Baulina previously worked as a producer for the Anti-Corruption Foundation, which was founded by Kremlin critic Alexei Navalny. The organization was declared “extremist” last summer by a Moscow court, and Baulina “had to leave Russia in order to continue reporting on Russian government corruption for The Insider,” the news site said.

As a war correspondent in Ukraine, she filed reports from Lviv and Kyiv, sharing her last update shortly before her death about Russian forces closing in on Kyiv.

“The Insider expresses its deepest condolences to Oksana’s family and friends,” the outlet said. “We will continue to cover the war in Ukraine, including such Russian war crimes as indiscriminate shelling of residential areas which result in the deaths of civilians and journalists.”

Yevhenii Sakun, a camera operator for the Ukrainian station LIVE, was killed March 1 in Russian shelling. Brent Renaud, a documentary filmmaker, was fatally shot March 13 while working for Time magazine. And Oleksandra Kuvshynova and Pierre Zakrzewski, who were on assignment for Fox News, were killed when their vehicle was struck by incoming fire.

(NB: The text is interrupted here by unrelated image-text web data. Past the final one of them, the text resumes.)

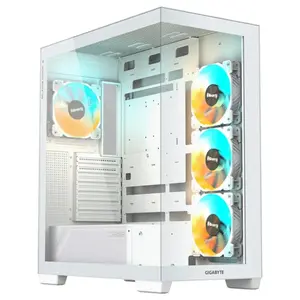Gigabyte C500 Panoramic Stealth Ice Mid Tower PC Gaming Case, 270 Degree Panoramic 4mm Tempered Glass, USB 3.2 Gen2 Type-C, 4X ARGB Fans Included, White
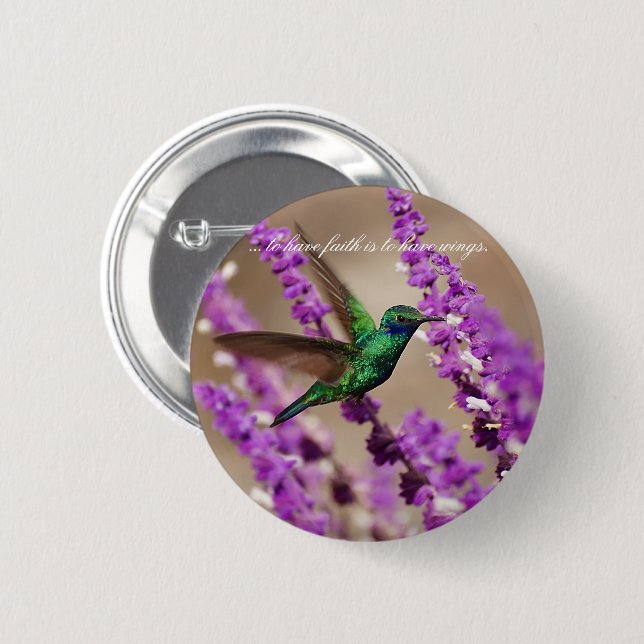 Vingarna av tro Gnistrande violettörad kolibri Knapp (Framsida & baksida)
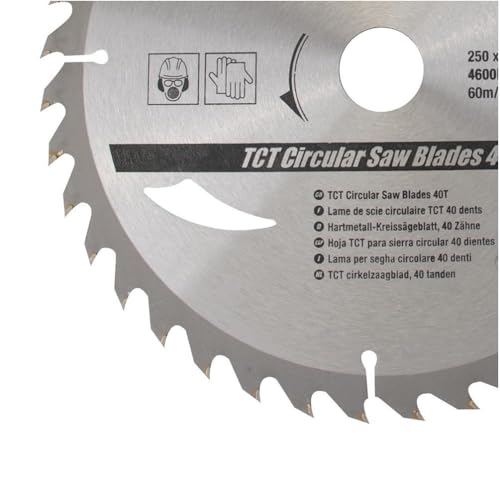 Silverline TCT Circular Saw Blades – 2 Pack (40 & 60 Teeth), 250mm Diameter with 30-25-20-16mm Arbor Rings, Precision Cutting for Wood & Metal (991704)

Several others have gone missing or been detained, the journalists’ committee said.

Before Baulina got involved with political activism, she worked at Time Out Moscow, InStyle Russia and Glamour, said Alexey Kovalyov, a former co-worker and friend. When they first met, Kovalyov remembered that Baulina asked about covering a biking trip for Time Out Moscow. He chuckled at the suggestion, Kovalyov later recalled.

“What would this girl with her flashy makeup and her impossibly tall stilettos know about biking?” he said. “Only later I’d found out that Oksana was a lot more resilient, both physically and morally, than I could ever be. Always putting others first, often at her own [risk].”

A few weeks ago, as Kovalyov planned logistics for another reporter traveling to Kyiv, Baulina, then in Warsaw, focused on arranging a handoff of a flak jacket and helmet for a colleague already on the ground.

“She was an incredible human being in so many respects,” Kovalyov said. “The most reliable person I’ve known, both personally and professionally.”

Michael Elgort had just talked to Baulina at least a day before her death, when she had left Lviv for Kyiv. She gave Elgort advice for his relatives evacuating Odessa to escape to Prague.

Baulina didn’t mention concerns about her safety during their last conversation, Elgort recalled. Instead, she sent a meme about how difficult the year had been.

“She was joking as she always did,” Elgort said.

“Oksana was one of the most positive and humorous people I have ever met,” he added, “with a lot of self-irony. I know it’s a cliche, but she was truly special.”

In a voice message shared hours before her death, Oksana told a friend she was in Kyiv, staying in an apartment on the corner of Independence Square, where she heard the thunder of the Ukrainian air defense counteracting Russian attacks. She said she had no hot water and a bit of food she scrounged up before curfew. She described the wreckage she witnessed from a rocket hitting a residential building.

“The glass fell out and left an enormous crater,” she said. “And at night, as you know, they bombed a mall in the Podolsk district.”

She said Kyiv’s streets — speckled with metal, concrete barricades and sandbags — were empty of civilians or cars.

“To tell you the truth,” she continued, “even on Sunday and Monday when we could still walk outside, I didn’t risk filming in the streets even once.”